Pourtant, dans la stratégie erratique d’une France qui a perdu le sens du temps long, le Liban ne tient pas le rang qui lui revient. Sans négliger les relations diplomatiques, les présidents français ont fait preuve d’un manque de volonté politique pour maintenir une présence forte au pays des Cèdres. Aussi, le préjudice subi par la France dans ce pays reflète-t-il cette carence : recul de la francophonie au profit du trilinguisme, fin des relations économiques privilégiées, baisse de l’investissement dans le système éducatif francophone, erreurs stratégiques, absence d’intérêt pour les enjeux politiques libanais laissant place nette à des acteurs régionaux hostiles… Malgré des liens culturels et historiques dont la force ne s’est jamais démentie, l’influence française traverse une passe difficile dans ce pays si particulier.

 

La force des liens franco-libanais

Charnelle au point que des Libanais considèrent la France comme une « mère », quelle est l’origine de l’amitié franco-libanaise ? Réalité séculaire, elle irrigue la mémoire des deux peuples.

Cette popularité est très forte chez les chrétiens, soit environ 35% de la population libanaise. La France a mis le pied dans la (Sublime) porte au XVIe siècle en affirmant sa position de protectrice des minorités chrétiennes : ce sont les fameuses Capitulations franco-ottomanes puis une succession de traités bilatéraux qui ont installé cet état de fait. Ce cap est gardé par-delà les changements de régimes par Napoléon III et la IIIe République qui octroie l’indépendance tant attendue. Tout au long de cette période et jusqu’à aujourd’hui, l’État, la société civile et surtout l’Église ont fait œuvre d’éducation envers les populations chrétiennes – bien que toutes confessions fussent admises au pupitre. Les congrégations et autres missions françaises ont créé des centres de connaissance comme des écoles, des séminaires ou encore l’université Saint-Joseph de Beyrouth, qui forment aujourd’hui l’élite libanaise. Ce réseau éducatif est la carte maîtresse de l’influence française dans la région.

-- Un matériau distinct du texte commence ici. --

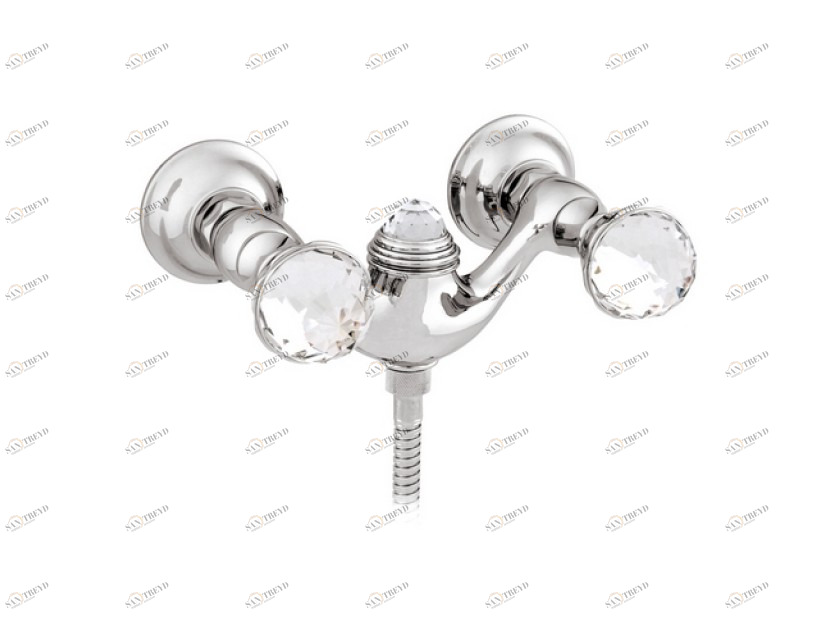 037219.CS0.62 Смеситель для душа с кристаллами сваровски Сатин никель Mestre Pacifica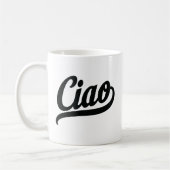 Ciao-script (zwart) koffiemok (Links)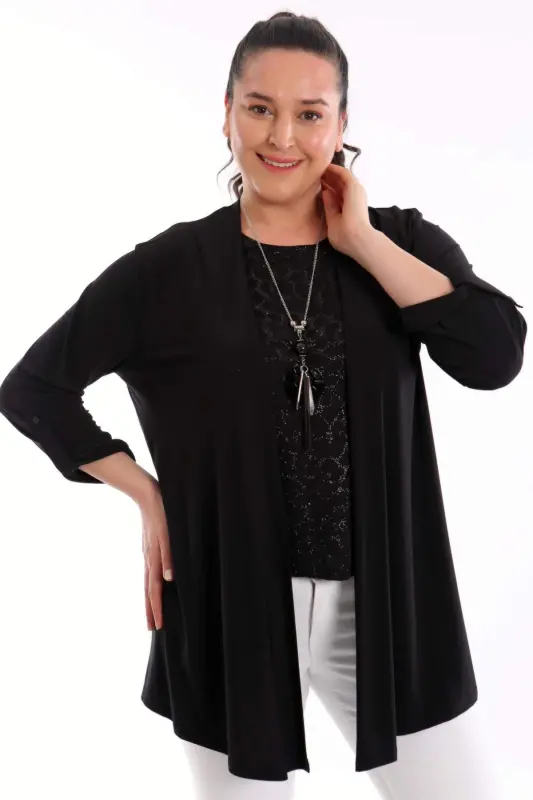 Angelino Plus Size Inner Blouse Glittery Black Two-Piece Set - 3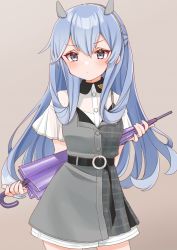 Rule 34 | 1girl, blue hair, blush, brown background, closed mouth, closed umbrella, cocoperino, collared shirt, dot mouth, dress, grey dress, hair between eyes, headgear, holding, holding umbrella, i-203 (kancolle), kantai collection, long hair, official alternate costume, see-through, shirt, short sleeves, simple background, solo, umbrella, white shirt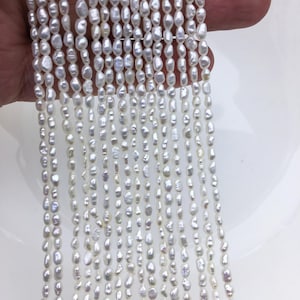 AAA- 2.8-3.2 mm ホワイトナゲットシードパール、不規則なナゲット淡水真珠ストランド、格安、真珠工場中国、LM2-3A-1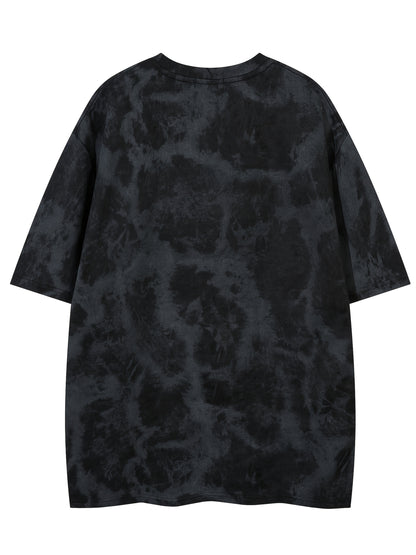 Men's Vintage Tie-Dye T-Shirt - Letter Embroidery Crew Neck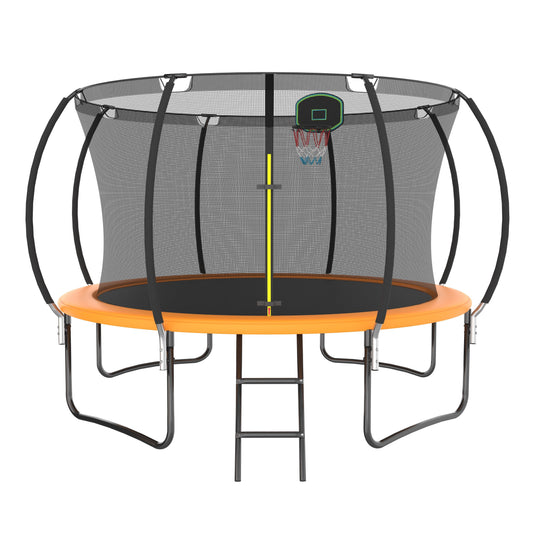 12FT Trampoline for Kids and Adults with Safe Enclosure Net, SEGMART Round Recreational Trampoline with Basketball Hoop, Upgrade Outdoor Trampoline with Ladder for Backyard Park, Orange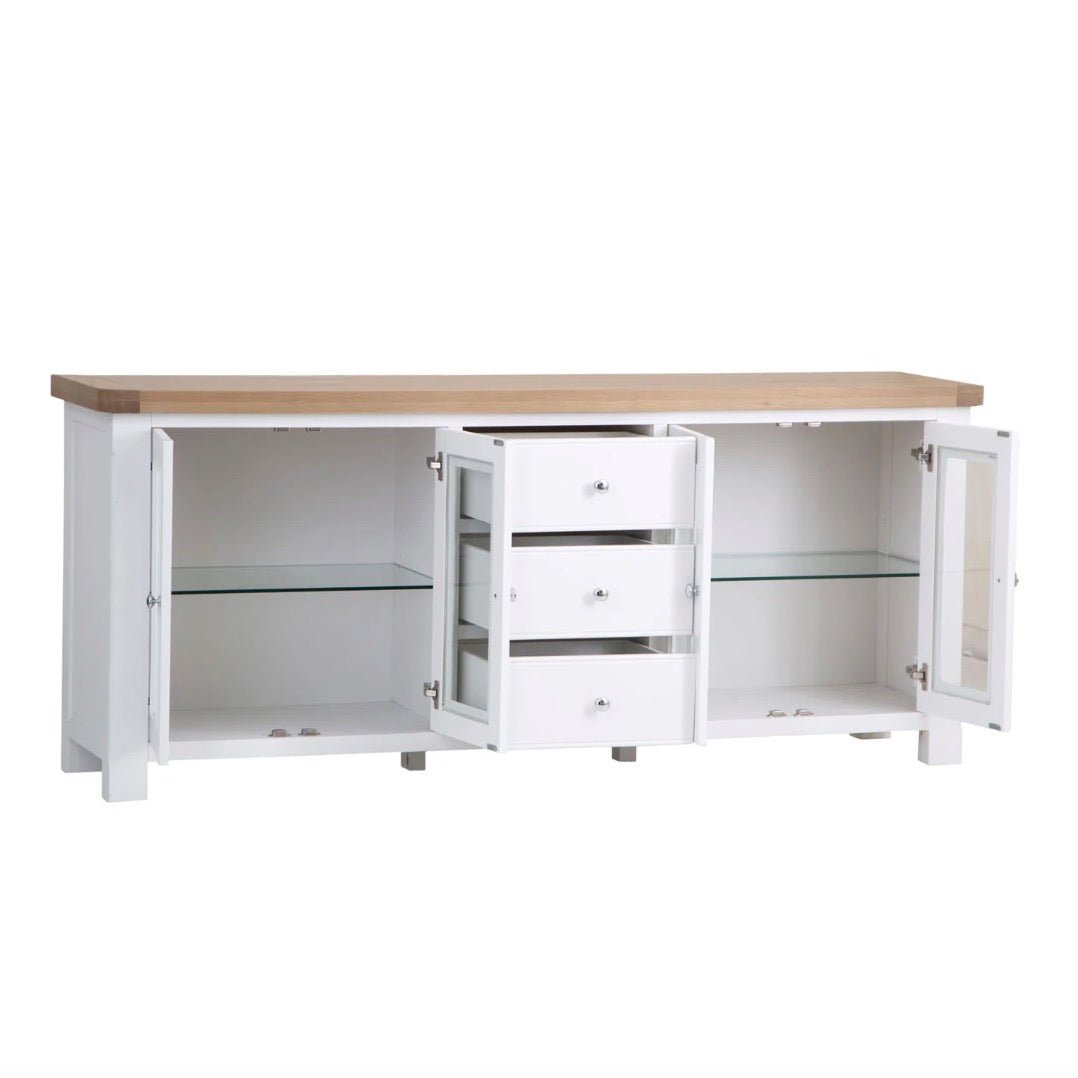 Clanfield White 4 Door Sideboard3 - Duck Barn Interiors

Mais, dorénavant, la France peut s’appuyer sur un soutien beaucoup moins communautaire que par le passé. Cette caractéristique lui est profitable à plusieurs titres : tout d’abord, la baisse d’influence et de démographie des chrétiens, chez qui la France est traditionnellement populaire, oblige Paris à trouver d’autres relais dans l’opinion libanaise ; ensuite, les tensions et les clivages inhérents à l’esprit communautaire libanais sont tels qu’en cas d’action diplomatique et politique française au Liban, être vu comme le parrain d’une seule communauté attirerait nécessairement la méfiance des autres. Or, aujourd’hui, les opinions chiites et sunnites ont une représentation plutôt positive de la France, et ce, grâce à plusieurs facteurs. D’abord, la politique française depuis l’expiration du mandat en 1943 est respectueuse de l’indépendance et de la souveraineté libanaises. Son action pendant et après la guerre civile de 1975-1990 a été bien accueillie, à commencer par la reconstruction du pays pour laquelle la France fut en première ligne. Ensuite, significative fut aussi l’amitié entre Jacques Chirac et Rafic Hariri, l’homme d’affaires sunnite qui fut maintes fois Président du Conseil. Elle a permis d’améliorer l’image de la France auprès d’une population qui lui était traditionnellement hostile, une image que renforce aujourd’hui l’alliance avec l’Arabie Saoudite sunnite-wahhabite. Récemment, la volonté de Paris d’inclure le Hezbollah chiite dans les discussions pour sortir de la crise a montré que toutes les parties acceptaient la légitimité de la France comme interlocuteur.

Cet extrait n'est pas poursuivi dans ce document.